- Excerpted data -
━━━━━━━━
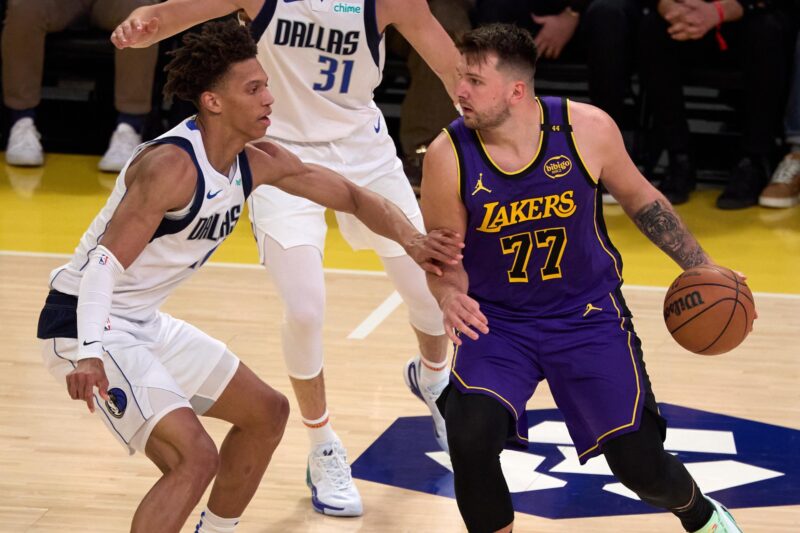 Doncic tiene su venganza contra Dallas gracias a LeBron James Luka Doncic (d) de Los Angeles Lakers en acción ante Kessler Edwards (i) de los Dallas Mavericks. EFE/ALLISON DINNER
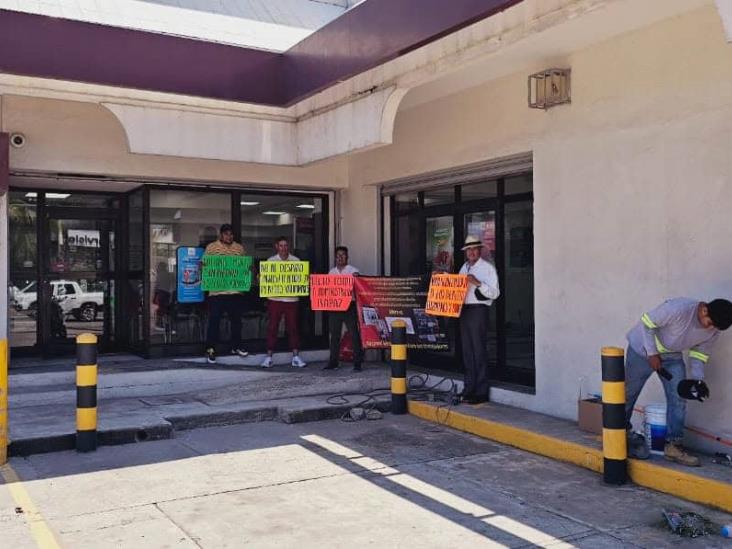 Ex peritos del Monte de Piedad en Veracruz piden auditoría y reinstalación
━━━━━━━━
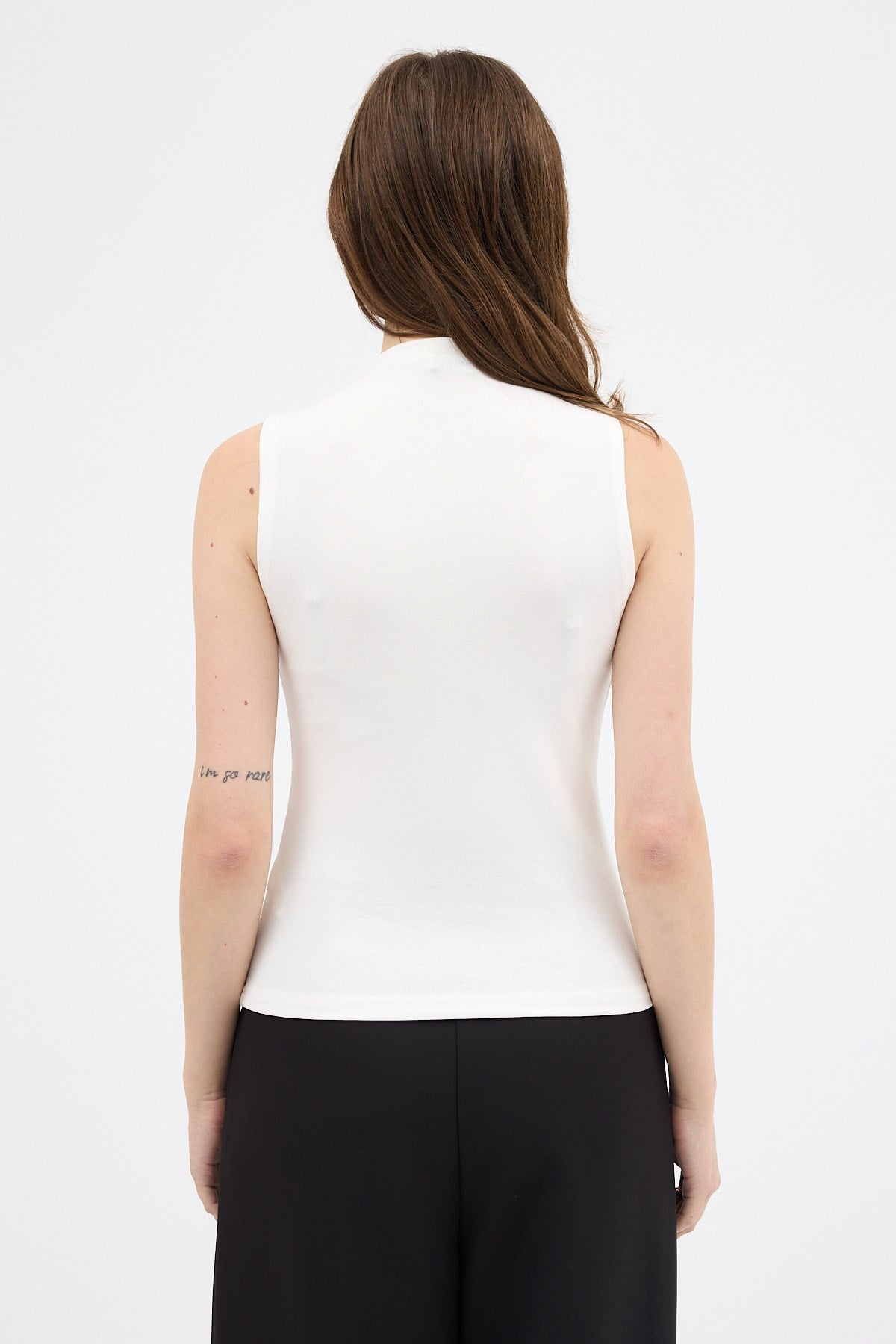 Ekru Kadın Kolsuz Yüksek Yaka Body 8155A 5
━━━━━━━━
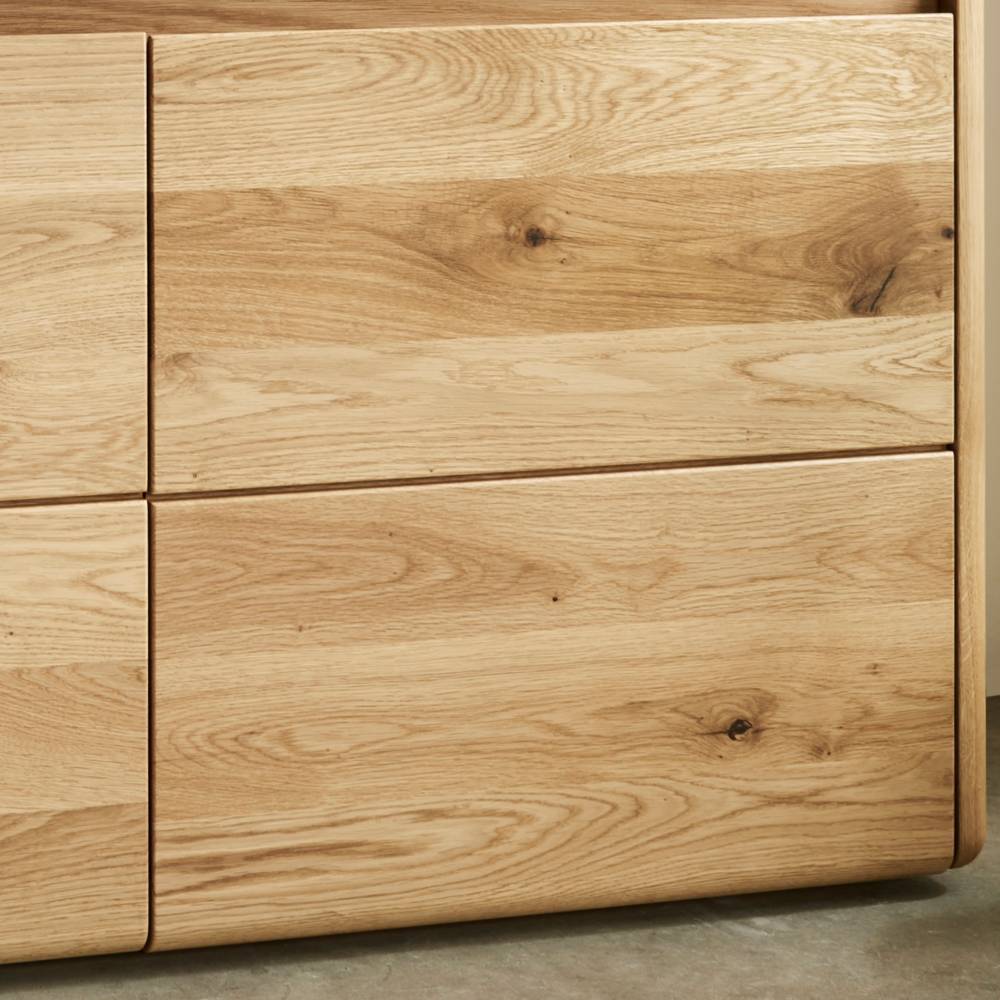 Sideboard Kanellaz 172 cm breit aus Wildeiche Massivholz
━━━━━━━━
In the listing above, find the line containing "Doncic tiene su" and the line containing "Ex peritos del". Reproduce those lines and all between them exactly, with no pictures and nothing more.

 Doncic tiene su venganza contra Dallas gracias a LeBron James Luka Doncic (d) de Los Angeles Lakers en acción ante Kessler Edwards (i) de los Dallas Mavericks. EFE/ALLISON DINNER
 Ex peritos del Monte de Piedad en Veracruz piden auditoría y reinstalación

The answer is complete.